The 10-year Treasury yield was trading more than 3 basis points higher at 3.543%. The yield on the 2-year Treasury added more than 7 basis points at 4.078%.

Yields and prices move in opposite directions and one basis point is equivalent to 0.01%.


Investors awaited clues out of Washington on a deal to raise the debt ceiling before June 1. It's the earliest date the Treasury Department has said the U.S. could default on its debt obligations.

April retail sales rose 0.4% last month, lower than the 0.8% increase anticipated by economists polled by Dow Jones.

They also assessed comments from Fed officials and economic data as they weighed what could be next for interest rate policy and whether the U.S. economy is likely to contract.

Bostic told CNBC's "Squawk Box" on Monday that he does not believe inflation will decline quickly and rate cuts are therefore unlikely to be announced this year, regardless of a looming recession. He also noted that rates may even go higher still.

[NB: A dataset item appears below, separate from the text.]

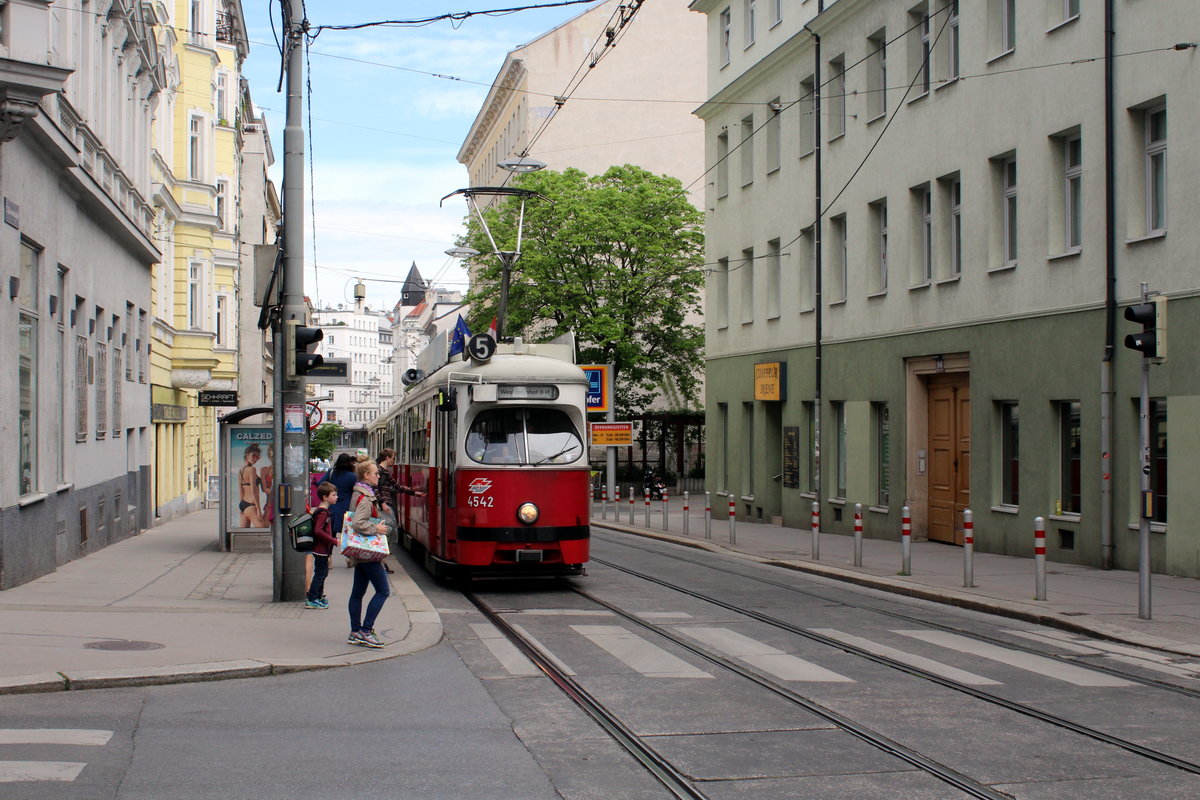 Wien Wiener Linien SL 5 (E1 4542 + c4 1364) VII, Neubau, Kaiserstraße / Neustiftgasse (Hst. Neustiftgasse) am 12. Mai 2017.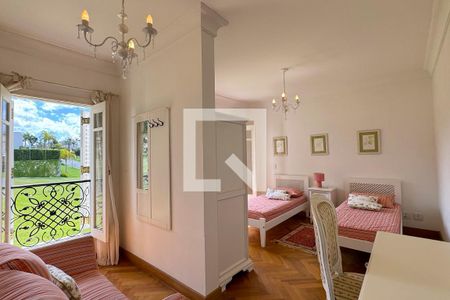Casa de condomínio à venda com 614m², 4 quartos e 6 vagasSuíte 2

Minneapolis Fed President Neel Kashkari also called for caution in remarks at the Minnesota Transportation Conference and Expo, suggesting that the Fed's fight against inflation was not yet over.

Meanwhile, Chicago Fed President Austan Goolsbee told CNBC that the impact of the rate hikes announced so far has not yet fully filtered through into the economy, urging a careful approach to policy decisions.